Following the hugely successful ‘Return to Waugh‘ event that was hosted by the British Council Milan, in collaboration with the University of Milan on 17th November, Milena Borden reflects on the relationship Waugh had with his Italian translator, Valentino Bompiani and considers the sociopolitical context of the Italian society that welcomed Waugh’s post – war work in particular.
As I was going to the Return to Waugh seminar in Milan last month, walking on the elegant via Alessandro Manzoni towards the distinguished building of the British Council, I was reflecting on what did it actually mean to have Evelyn Waugh’s novels published in Italian language and for the Italian public in post-war Italy.
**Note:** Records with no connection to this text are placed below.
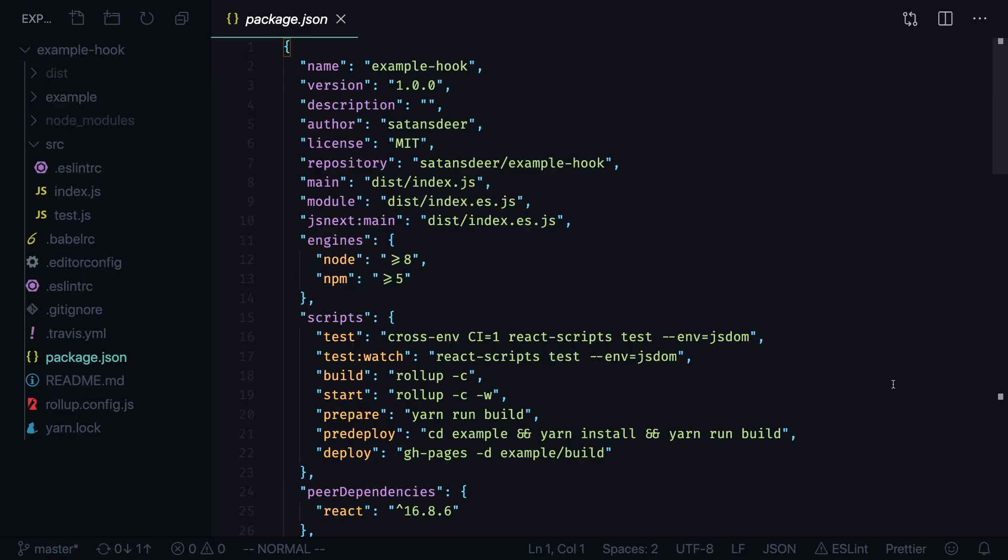Now in this video we will learn how to publish them as standalone NPM packages. Open package.json in your project root and downgrade your version to zero.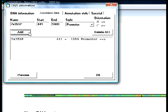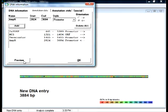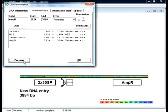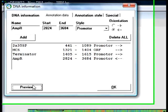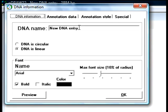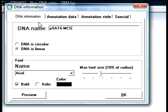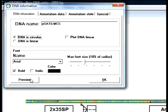After all the features have been added, I could display them with a preview button. Then I switch to the DNA information tab. Here I insert the name of the plasmid, and indicate that this is a circular DNA.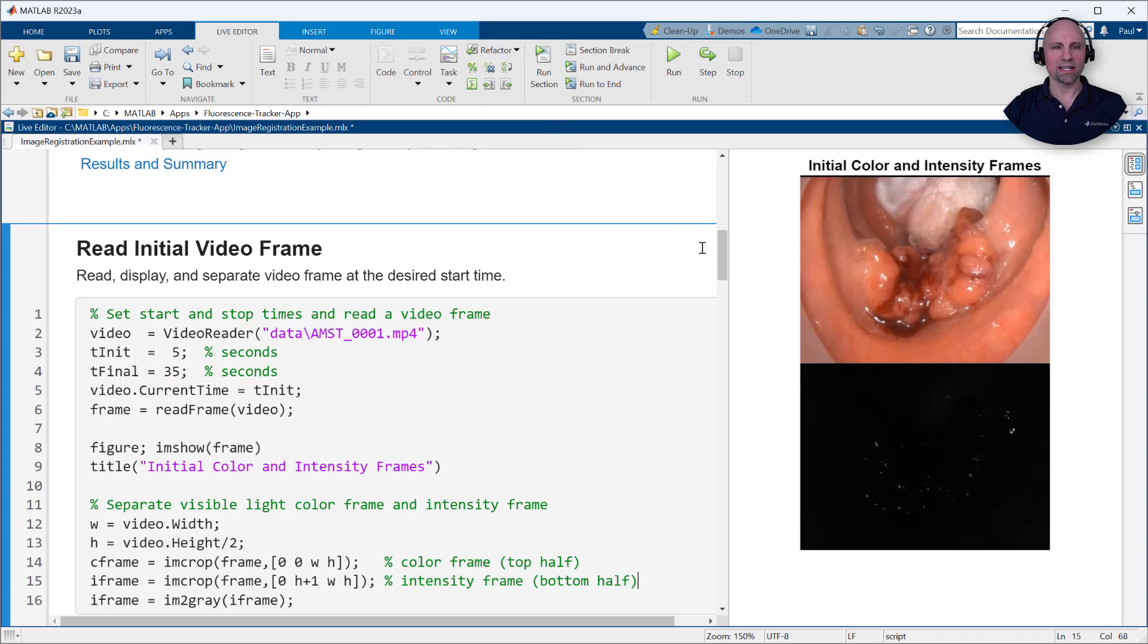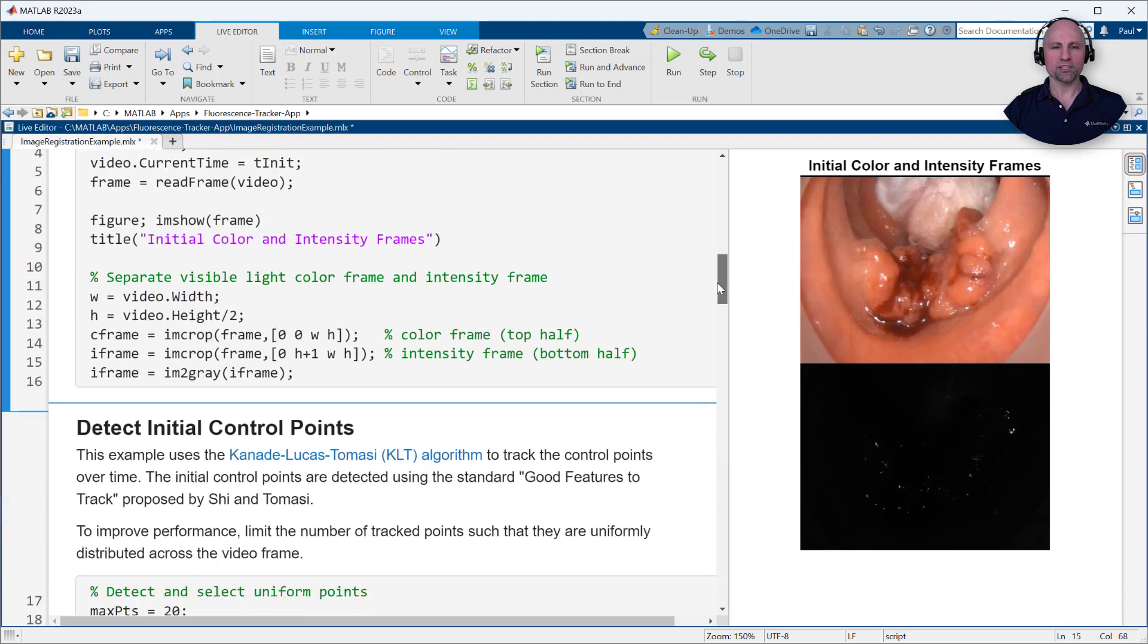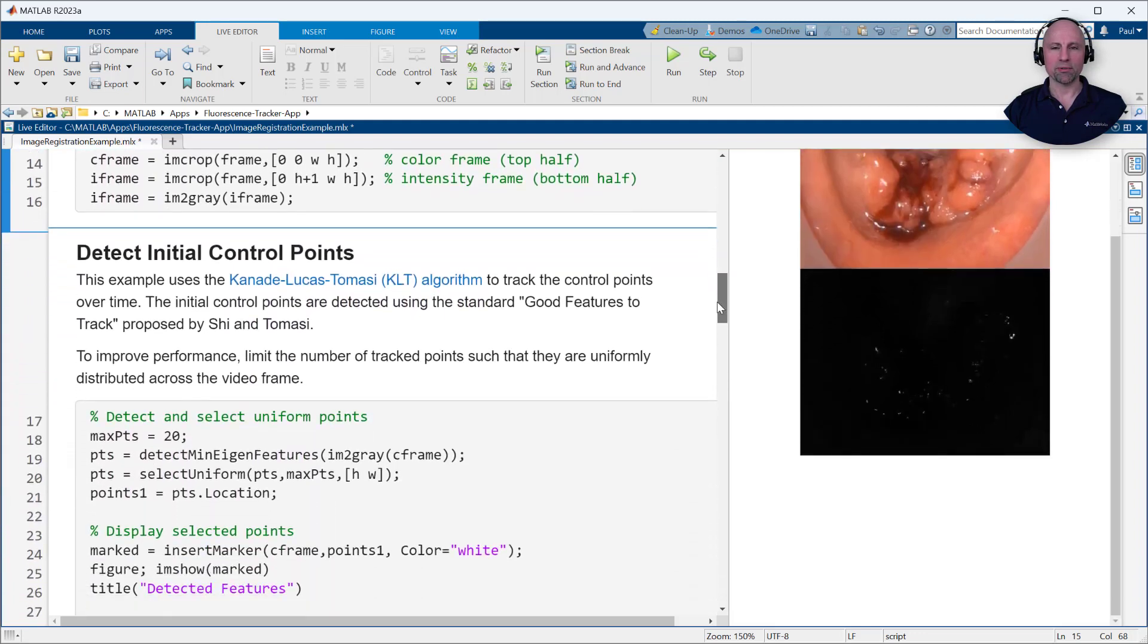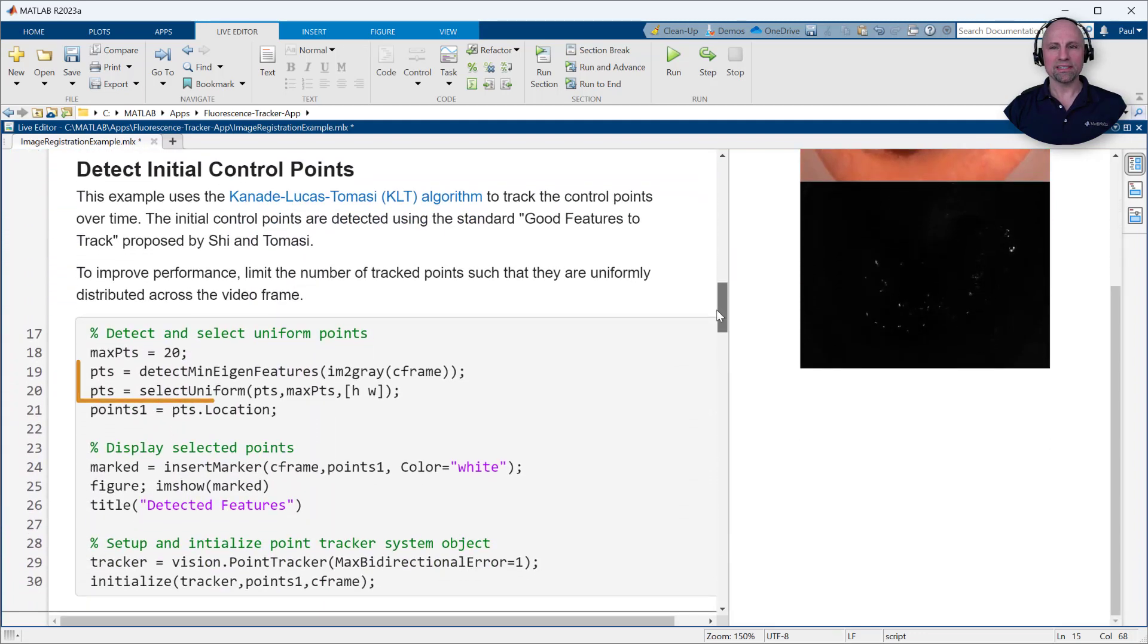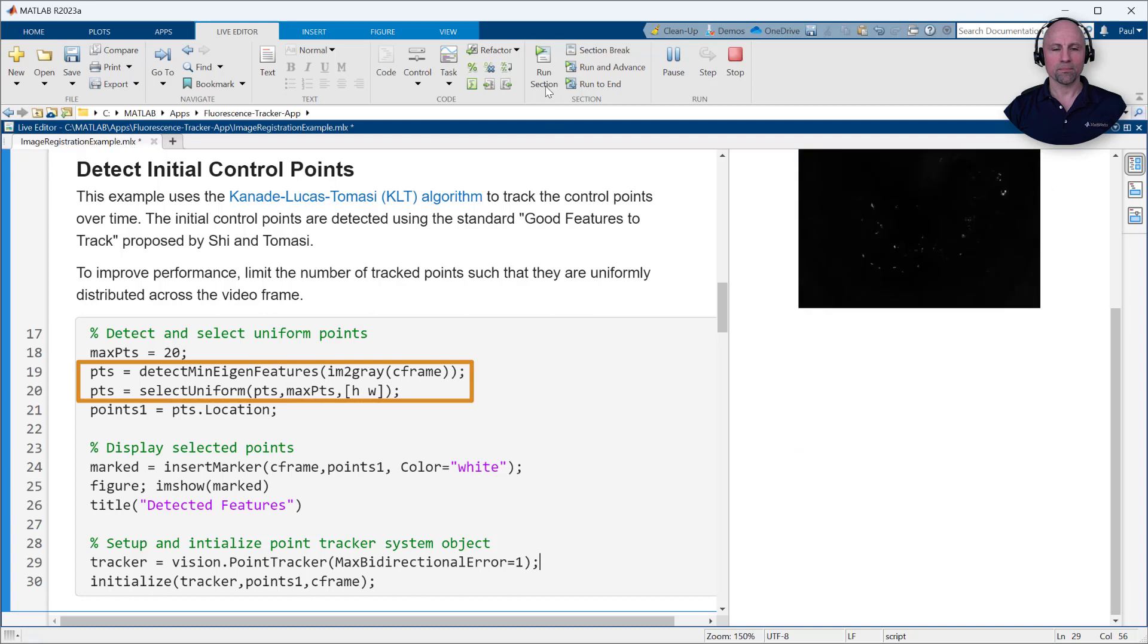Notice that since the dye has not yet begun absorption, the intensity image is mostly black. Since there are no features for us to track in this image, we'll once again detect and track points in the white light color image.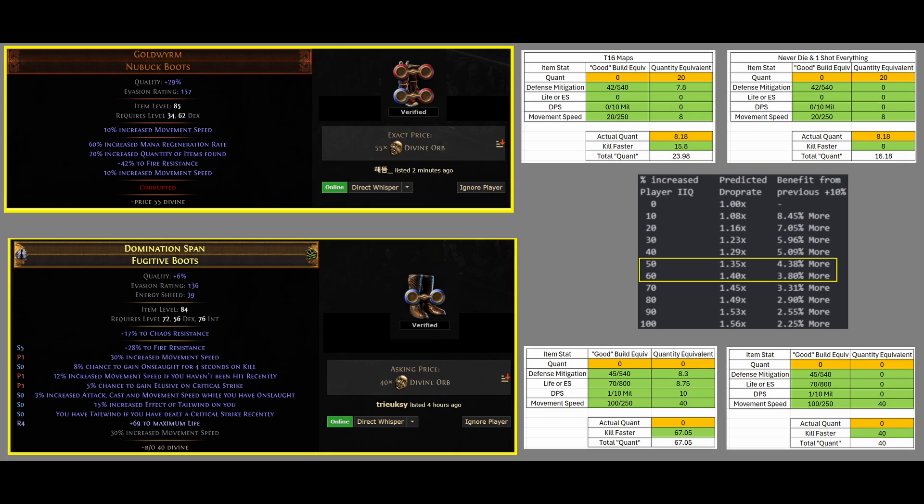So, since Quantity actually has diminishing returns on your gear, and typically, people that would wear these 20 Quantity boots also have Ventor's Gambles and a 20 Quantity Amulet, the diminishing returns of going from 40 to 60 is actually not 20% more loot, but it is actually 8.18% more loot. But you add up those numbers, and I would say, equivalently, these boots give you roughly 24 Quantity.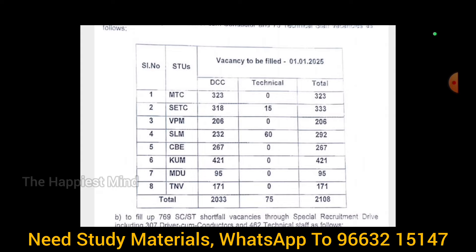This is the DCC — Driver Come Conductor — plus technical staff post. We have 250 vacancies STS-wise under DCC. For this post, you need two licenses: a driver license and a conductor license. You also need a first aid certificate, and there are other limitations.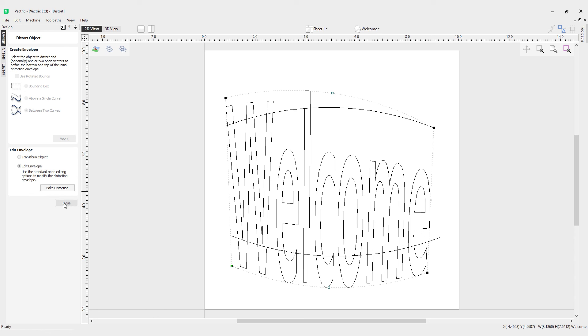Now it's also important to keep in mind that you can use this tool with 3D components in software such as Aspire. So if you have any components that you bring in, such as clip art or 3D models, you can also use this powerful tool to distort those objects. That concludes our video on distort selected objects.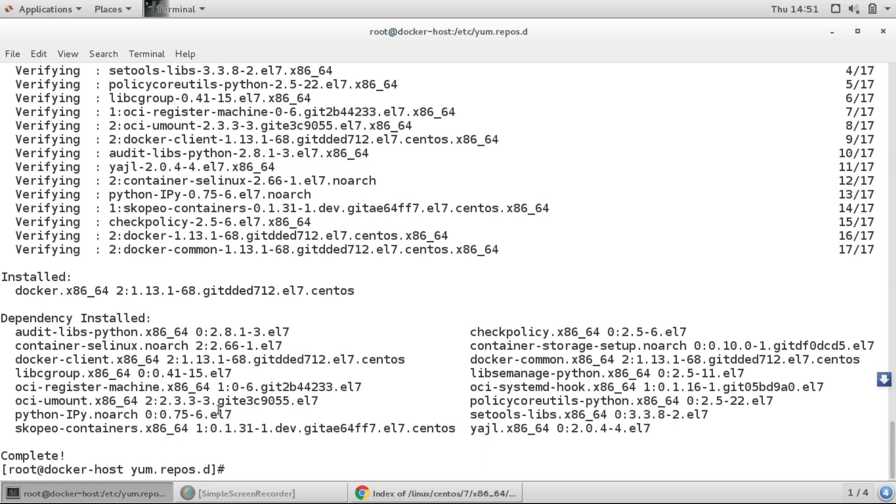Okay, so here it shows the Docker has been installed. To verify that, I'll run docker.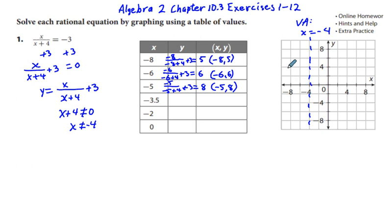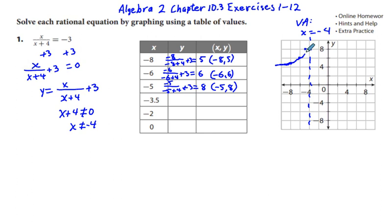We sketch in the three points: (−8, 5), (−6, 6), and (−5, 8). The curve comes up and approaches but does not touch the vertical asymptote at x equals negative 4. That's what the left branch of this curve looks like.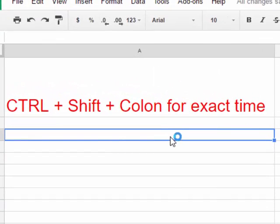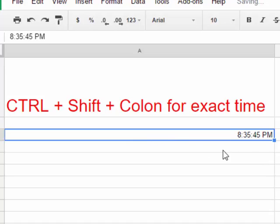Everyone, this is Brad. If you are on a Microsoft Excel document or a Google Sheet and you like to put in the exact time, just hit Control + Shift + Colon, and sure enough, here's a time. If you have any questions, let me know. Thanks for watching, take care, bye.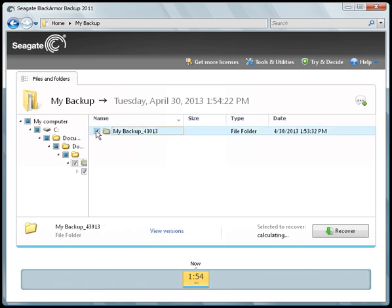After a selection has been added to the list, the Recover button will activate. Click on the button to begin the procedure.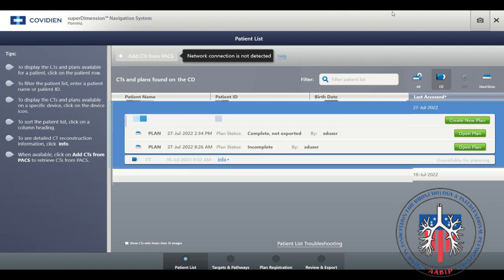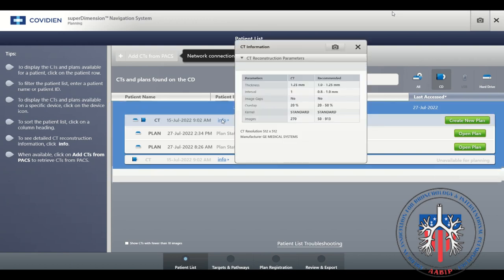To create a plan, first select the blue info hyperlink. A list of CT parameters will be displayed. Inspect the parameters to ensure they are within normal limits.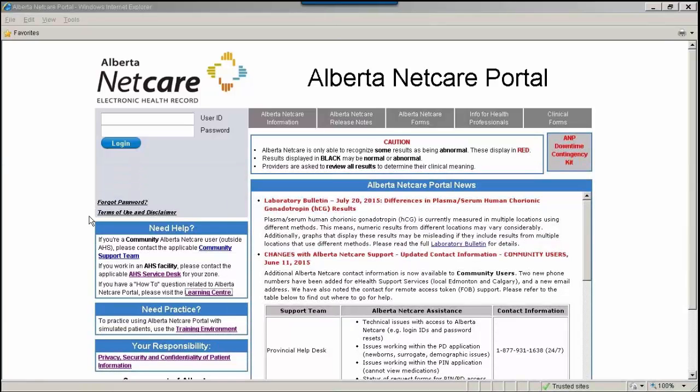The purpose of this web-based session is to highlight the numerous resources you can access to familiarize yourself with the Person Directory, also known as PD. This session will take approximately 5 to 10 minutes.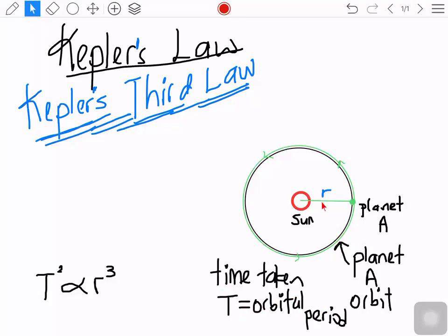The orbital period time is the time taken to complete one orbit. The radius is the distance from the center of the sun to the center of the planet. Now we'll use this information to show that T² is directly proportional to r³.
I was thinking that there probably was a difference between admiring Waugh’s exceptional prose in its Italian translation and connecting it with the actual country and culture.
The Italian publisher of Waugh was Valentino Bompiani (1898 – 1992). Born in Rome, he was a count, connected intellectual, editor, playwright and a publicist. In his memoirs Via private (1974) and Dialoghi a distanza (1986) Bompiani writes a lot about the value of literature, theatre celebrities and the Italian intellectuals of his time. Brideshead Revisited was the first Waugh book published by Bompiani in 1948. Judging from the correspondence with Waugh, their relationship was a business one. They met only once in Rome and although there is no record in the Waugh’s Diaries about it, the meeting seems to have happened when he was in Italy in April 1950.
Bompiani had many reasons to publish Waugh. Firstly, he wanted to promote English literature on the domestic market, which was then dominated by American bestsellers and also because of its potential for filming. From a literary point of view, Bompiani was interested in a classical English prose to balance the post-war influence of modernist writers with James Joyce and Virginia Woolf being most among Italian anglophiles. However he was a sharp and connected businessman who did not take sides in late 1940s and 1950s Italian debates about modernism versus traditionalism. Bompiani became well known for his publication of Alberto Moravia and Elio Vittorini, both representing an Italian modernism and neo-realism whose ambitions were quite different from Waugh’s.
Another key Waugh promoter was Emilio Cecchi (1884-1966), the “Accademico d’Italia” of post-war Italy. An expert of Anglo-Saxon literature, and a most conservative critic and journalist, Cecchi was also a lecturer and traveller. He reviewed Waugh favorably in the Italian press before he was published in Italian, which was a significant step in his consequent promotion.
But what about the most obvious connection between Waugh and Italy – his, and Italy’s, Catholicism? Was not religion the first and foremost reason for translating Waugh? Italy, Catholicism, the Pope (whom Waugh personally met in 1945 at the Vatican) and Italian culture and literature have been interconnected at least since the time of Dante Alighieri. After the war, Italy was badly damaged and very poor. But although the Holy See was struggling to dissociate itself from the crimes of the Mussolini’s regime, popular Catholicism was on the rise. Throughout the 1940s and 1950s it energized its grass roots welfare organizations and Democrazia christiana (Democratic Christians), one of the two main political parties, ruled until 1992. Italian writers have always cared a lot for religion, even when against it. Waugh’s Catholicism must have found a natural place in a country which adores literary language, loves to discuss its religion and is addicted to politics.
On the other hand, Bompiani’s choice of the Milan artist-designer Bruno Munari (1907-1998) to design the dust jackets for Corpi vili (Vile Bodies), Lady Margot (Decline and Fall), Spada e onore (Sword of Honour) and Misfatto negro (Black Mischief) speaks for the publisher’s ambition to move with the times. Munari was associated with futurism and the ‘art of the concrete’ and his style added a modern touch to Italian translations of Waugh. One wonders, though, if Waugh liked the fragmented and modernistic illustrations of his book covers.
Behind all that can be said about Waugh in Italy, hangs intriguingly the shadow of his most Italian book, Waugh in Abyssinia (1936). There is plenty in it about Italy and politics. It is a travelogue revealing what Waugh thought of the colonial and fascist Italian rule in Ethiopia. But maybe Bompiani and his readers would have preferred to miss it. I am convinced, though, that somewhere in this black hole would be yet another discovery of Waugh in Italy.